--- Work instruction ---
Starting from the line that contains "Computer Desk w/Pull Out Keyboard Drawer", reproduce each line exactly through the end of the material, and include no other lines.

--- Materials provided ---
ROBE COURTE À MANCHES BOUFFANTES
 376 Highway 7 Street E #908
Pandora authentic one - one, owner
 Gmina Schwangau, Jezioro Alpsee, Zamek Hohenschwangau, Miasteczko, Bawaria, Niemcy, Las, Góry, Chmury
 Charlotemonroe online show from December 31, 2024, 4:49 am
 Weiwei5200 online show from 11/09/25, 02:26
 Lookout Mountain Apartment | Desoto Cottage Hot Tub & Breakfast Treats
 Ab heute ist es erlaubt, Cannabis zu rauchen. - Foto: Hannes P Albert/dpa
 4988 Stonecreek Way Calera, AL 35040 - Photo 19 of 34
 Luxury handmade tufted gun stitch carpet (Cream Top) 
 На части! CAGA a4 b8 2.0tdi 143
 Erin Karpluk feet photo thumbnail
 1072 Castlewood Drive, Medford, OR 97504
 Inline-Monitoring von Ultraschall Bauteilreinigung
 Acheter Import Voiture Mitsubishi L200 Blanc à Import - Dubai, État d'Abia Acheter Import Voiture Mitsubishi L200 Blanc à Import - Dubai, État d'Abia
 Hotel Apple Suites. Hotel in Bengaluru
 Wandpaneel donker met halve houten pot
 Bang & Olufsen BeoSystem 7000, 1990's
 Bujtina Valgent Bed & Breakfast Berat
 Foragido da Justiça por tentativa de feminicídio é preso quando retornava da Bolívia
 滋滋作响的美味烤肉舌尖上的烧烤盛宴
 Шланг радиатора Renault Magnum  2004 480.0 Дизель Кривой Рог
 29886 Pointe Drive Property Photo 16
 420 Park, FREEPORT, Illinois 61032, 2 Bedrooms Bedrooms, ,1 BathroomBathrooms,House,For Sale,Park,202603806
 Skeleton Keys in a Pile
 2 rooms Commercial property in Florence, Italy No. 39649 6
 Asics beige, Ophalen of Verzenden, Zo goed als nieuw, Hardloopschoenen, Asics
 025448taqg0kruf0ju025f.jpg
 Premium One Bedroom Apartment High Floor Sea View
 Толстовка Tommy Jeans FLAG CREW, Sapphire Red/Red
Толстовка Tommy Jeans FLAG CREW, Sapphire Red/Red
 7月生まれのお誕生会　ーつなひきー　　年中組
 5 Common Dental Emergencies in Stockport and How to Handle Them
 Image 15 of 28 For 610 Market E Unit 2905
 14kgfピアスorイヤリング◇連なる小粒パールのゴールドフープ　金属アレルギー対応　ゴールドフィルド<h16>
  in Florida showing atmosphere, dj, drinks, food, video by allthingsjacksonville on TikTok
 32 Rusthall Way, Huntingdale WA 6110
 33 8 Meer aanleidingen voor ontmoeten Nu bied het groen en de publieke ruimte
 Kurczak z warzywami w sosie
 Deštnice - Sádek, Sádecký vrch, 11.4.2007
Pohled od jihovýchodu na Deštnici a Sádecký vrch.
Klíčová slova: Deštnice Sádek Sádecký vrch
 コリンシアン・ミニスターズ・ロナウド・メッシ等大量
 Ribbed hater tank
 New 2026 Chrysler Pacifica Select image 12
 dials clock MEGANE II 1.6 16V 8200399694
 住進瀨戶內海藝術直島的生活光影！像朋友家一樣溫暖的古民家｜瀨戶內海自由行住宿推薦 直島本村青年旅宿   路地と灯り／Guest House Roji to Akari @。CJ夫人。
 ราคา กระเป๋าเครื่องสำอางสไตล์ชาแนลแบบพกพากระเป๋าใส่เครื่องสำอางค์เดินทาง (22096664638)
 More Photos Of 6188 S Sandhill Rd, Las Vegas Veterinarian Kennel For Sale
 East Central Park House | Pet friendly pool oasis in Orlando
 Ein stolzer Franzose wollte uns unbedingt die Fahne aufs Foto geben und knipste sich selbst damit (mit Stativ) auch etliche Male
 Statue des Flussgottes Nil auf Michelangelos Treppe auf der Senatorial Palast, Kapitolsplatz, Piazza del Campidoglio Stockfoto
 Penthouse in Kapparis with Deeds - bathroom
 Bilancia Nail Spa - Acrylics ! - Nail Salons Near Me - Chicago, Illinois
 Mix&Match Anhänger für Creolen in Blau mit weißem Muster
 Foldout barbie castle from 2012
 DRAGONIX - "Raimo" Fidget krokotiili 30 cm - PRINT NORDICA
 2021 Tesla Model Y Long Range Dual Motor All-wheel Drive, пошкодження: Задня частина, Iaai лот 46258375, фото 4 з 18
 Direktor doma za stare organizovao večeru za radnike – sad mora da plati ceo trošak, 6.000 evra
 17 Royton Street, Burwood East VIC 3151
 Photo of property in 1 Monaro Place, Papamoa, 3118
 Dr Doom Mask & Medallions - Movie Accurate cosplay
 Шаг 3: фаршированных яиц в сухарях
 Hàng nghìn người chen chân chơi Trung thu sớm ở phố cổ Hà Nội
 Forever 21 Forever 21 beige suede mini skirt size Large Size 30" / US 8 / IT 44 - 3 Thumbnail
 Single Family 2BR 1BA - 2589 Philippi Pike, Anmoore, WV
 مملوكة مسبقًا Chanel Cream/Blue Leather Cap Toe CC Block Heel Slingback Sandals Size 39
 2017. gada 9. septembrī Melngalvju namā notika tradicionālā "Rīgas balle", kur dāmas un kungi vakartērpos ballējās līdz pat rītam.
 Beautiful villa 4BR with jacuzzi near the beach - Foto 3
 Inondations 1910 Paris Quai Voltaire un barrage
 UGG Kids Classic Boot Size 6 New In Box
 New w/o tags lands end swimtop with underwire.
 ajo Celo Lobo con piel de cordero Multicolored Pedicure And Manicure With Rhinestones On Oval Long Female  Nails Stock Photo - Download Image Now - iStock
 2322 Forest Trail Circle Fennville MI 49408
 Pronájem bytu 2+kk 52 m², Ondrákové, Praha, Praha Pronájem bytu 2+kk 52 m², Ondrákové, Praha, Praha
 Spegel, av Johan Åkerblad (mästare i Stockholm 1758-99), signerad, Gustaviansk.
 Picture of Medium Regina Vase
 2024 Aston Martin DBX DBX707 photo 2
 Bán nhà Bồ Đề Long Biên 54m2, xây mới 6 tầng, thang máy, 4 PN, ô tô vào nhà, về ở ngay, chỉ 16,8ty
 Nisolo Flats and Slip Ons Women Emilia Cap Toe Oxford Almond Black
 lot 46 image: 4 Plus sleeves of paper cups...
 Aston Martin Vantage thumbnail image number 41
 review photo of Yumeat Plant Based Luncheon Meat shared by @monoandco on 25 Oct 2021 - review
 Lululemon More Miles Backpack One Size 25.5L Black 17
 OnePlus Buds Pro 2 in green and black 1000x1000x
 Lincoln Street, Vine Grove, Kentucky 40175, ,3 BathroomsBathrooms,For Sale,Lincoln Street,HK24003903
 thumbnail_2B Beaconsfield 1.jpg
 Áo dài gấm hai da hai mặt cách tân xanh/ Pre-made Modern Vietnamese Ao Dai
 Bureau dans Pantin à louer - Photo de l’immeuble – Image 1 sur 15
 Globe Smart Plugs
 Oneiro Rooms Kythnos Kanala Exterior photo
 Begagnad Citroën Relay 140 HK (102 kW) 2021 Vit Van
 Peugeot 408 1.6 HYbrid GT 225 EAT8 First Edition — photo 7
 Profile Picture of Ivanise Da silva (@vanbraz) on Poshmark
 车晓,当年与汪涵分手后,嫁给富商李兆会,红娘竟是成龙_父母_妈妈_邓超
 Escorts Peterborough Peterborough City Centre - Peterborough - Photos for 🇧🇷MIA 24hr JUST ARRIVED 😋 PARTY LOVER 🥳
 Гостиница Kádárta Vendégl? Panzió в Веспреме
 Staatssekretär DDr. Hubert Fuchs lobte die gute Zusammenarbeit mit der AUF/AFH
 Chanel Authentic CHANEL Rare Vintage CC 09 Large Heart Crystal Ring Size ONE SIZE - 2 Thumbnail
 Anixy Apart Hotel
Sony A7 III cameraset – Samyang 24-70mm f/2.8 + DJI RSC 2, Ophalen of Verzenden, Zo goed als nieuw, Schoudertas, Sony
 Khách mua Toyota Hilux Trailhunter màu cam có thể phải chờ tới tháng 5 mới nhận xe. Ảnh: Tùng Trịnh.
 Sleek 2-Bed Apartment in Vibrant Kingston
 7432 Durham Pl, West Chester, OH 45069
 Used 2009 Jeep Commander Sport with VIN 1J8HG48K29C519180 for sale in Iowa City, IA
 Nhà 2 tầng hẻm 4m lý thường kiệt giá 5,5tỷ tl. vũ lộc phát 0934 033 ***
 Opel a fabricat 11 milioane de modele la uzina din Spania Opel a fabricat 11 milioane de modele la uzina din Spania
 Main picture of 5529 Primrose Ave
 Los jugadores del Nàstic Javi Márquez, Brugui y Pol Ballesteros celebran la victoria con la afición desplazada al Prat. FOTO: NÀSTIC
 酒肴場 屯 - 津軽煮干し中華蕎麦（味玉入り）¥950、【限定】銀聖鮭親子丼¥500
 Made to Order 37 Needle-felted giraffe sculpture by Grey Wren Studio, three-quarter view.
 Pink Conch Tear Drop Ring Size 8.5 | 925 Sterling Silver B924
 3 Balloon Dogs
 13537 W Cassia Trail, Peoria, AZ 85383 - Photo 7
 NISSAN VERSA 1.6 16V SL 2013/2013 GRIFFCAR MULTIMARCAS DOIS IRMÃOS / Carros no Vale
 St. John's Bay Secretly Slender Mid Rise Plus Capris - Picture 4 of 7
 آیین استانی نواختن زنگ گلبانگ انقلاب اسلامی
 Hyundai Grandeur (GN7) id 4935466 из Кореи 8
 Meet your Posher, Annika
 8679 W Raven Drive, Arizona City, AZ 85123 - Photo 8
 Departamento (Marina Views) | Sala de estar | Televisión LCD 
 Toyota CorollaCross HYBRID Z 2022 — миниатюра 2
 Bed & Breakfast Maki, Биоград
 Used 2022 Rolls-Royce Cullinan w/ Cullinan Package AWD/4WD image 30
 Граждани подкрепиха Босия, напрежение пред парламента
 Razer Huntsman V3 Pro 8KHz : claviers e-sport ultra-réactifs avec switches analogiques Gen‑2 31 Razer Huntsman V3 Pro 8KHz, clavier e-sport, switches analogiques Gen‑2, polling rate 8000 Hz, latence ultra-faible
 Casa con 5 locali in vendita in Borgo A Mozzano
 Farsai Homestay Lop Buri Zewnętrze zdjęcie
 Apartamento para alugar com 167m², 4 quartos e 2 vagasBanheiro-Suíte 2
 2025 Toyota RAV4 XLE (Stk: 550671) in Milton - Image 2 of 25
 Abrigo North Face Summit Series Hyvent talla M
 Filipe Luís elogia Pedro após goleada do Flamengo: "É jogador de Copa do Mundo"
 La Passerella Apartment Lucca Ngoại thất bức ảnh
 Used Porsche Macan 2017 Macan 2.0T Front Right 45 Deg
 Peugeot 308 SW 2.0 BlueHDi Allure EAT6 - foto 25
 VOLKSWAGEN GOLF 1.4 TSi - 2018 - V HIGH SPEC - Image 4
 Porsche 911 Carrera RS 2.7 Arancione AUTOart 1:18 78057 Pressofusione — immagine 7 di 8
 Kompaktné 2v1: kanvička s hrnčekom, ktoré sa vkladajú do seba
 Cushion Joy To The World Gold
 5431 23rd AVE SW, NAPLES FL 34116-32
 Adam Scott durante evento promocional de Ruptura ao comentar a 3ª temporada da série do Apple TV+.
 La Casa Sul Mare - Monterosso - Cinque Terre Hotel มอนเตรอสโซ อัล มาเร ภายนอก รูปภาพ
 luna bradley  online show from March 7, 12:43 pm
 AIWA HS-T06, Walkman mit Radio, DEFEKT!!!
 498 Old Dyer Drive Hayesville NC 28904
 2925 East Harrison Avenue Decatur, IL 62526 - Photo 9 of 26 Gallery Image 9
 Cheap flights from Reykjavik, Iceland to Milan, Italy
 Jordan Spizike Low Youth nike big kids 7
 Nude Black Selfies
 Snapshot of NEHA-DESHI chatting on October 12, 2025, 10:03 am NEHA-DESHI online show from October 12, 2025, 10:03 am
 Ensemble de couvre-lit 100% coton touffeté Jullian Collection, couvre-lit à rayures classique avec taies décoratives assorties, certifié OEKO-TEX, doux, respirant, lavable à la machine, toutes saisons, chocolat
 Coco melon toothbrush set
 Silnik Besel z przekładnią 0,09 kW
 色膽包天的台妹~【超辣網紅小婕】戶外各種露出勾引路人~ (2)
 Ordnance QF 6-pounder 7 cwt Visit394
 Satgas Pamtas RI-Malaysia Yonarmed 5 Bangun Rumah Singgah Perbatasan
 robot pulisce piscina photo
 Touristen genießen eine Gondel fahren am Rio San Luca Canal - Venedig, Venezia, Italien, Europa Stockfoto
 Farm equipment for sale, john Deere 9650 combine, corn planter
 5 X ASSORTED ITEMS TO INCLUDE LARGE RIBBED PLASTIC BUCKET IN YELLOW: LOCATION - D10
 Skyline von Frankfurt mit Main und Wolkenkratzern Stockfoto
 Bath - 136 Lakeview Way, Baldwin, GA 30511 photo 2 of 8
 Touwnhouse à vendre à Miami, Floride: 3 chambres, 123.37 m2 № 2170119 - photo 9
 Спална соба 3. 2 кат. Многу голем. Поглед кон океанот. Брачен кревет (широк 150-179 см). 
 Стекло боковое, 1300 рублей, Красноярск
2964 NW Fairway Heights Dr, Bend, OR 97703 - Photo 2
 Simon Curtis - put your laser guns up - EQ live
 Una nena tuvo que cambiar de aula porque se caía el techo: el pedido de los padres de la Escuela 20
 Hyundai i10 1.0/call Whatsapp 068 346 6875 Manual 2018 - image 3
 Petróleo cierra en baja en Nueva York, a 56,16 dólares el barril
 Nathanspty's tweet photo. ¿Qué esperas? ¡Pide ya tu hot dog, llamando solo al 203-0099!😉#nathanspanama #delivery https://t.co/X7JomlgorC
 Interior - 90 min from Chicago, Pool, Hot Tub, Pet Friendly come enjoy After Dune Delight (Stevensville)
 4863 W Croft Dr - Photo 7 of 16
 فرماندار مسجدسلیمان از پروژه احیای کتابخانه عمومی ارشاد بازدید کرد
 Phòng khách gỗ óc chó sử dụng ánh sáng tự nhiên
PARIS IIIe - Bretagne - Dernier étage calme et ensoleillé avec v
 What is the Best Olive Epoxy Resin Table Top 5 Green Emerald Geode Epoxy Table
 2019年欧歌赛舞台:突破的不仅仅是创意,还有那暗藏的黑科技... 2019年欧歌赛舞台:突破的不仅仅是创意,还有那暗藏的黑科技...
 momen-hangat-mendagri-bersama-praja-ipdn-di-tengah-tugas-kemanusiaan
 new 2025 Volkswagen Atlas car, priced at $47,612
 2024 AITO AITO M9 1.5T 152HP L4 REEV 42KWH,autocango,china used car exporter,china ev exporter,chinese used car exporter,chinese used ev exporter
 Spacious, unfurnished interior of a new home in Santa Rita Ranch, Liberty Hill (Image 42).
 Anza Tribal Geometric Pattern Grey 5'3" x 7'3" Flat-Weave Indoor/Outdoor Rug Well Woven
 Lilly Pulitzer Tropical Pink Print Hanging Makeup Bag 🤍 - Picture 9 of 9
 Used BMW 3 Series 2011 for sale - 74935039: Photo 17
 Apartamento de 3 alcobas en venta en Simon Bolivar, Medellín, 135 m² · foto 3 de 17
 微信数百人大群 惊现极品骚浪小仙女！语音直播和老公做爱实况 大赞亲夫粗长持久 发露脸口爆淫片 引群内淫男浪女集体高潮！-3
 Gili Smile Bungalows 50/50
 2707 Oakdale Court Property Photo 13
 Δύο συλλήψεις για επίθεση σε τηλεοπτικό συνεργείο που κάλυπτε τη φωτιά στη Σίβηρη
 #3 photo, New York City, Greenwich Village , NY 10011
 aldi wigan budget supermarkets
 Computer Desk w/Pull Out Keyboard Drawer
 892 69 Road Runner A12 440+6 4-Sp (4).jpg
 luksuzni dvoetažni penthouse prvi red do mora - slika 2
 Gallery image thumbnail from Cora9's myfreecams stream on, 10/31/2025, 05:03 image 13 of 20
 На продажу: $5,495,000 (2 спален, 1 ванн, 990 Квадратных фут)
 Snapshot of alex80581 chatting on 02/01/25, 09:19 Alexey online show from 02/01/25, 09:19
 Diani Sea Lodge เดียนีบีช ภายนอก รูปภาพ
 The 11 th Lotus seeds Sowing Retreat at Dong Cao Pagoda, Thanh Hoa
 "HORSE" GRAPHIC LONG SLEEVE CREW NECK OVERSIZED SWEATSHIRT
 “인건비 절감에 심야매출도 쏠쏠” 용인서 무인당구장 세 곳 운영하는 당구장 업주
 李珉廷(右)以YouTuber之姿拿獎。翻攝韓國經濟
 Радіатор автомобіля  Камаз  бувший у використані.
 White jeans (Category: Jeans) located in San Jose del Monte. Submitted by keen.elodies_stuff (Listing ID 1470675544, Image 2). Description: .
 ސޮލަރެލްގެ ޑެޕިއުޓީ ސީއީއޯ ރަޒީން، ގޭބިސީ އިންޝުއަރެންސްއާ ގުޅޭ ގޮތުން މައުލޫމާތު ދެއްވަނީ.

--- Answer to the problem ---
 Computer Desk w/Pull Out Keyboard Drawer
 892 69 Road Runner A12 440+6 4-Sp (4).jpg
 luksuzni dvoetažni penthouse prvi red do mora - slika 2
 Gallery image thumbnail from Cora9's myfreecams stream on, 10/31/2025, 05:03 image 13 of 20
 На продажу: $5,495,000 (2 спален, 1 ванн, 990 Квадратных фут)
 Snapshot of alex80581 chatting on 02/01/25, 09:19 Alexey online show from 02/01/25, 09:19
 Diani Sea Lodge เดียนีบีช ภายนอก รูปภาพ
 The 11 th Lotus seeds Sowing Retreat at Dong Cao Pagoda, Thanh Hoa
 "HORSE" GRAPHIC LONG SLEEVE CREW NECK OVERSIZED SWEATSHIRT
 “인건비 절감에 심야매출도 쏠쏠” 용인서 무인당구장 세 곳 운영하는 당구장 업주
 李珉廷(右)以YouTuber之姿拿獎。翻攝韓國經濟
 Радіатор автомобіля  Камаз  бувший у використані.
 White jeans (Category: Jeans) located in San Jose del Monte. Submitted by keen.elodies_stuff (Listing ID 1470675544, Image 2). Description: .
 ސޮލަރެލްގެ ޑެޕިއުޓީ ސީއީއޯ ރަޒީން، ގޭބިސީ އިންޝުއަރެންސްއާ ގުޅޭ ގޮތުން މައުލޫމާތު ދެއްވަނީ.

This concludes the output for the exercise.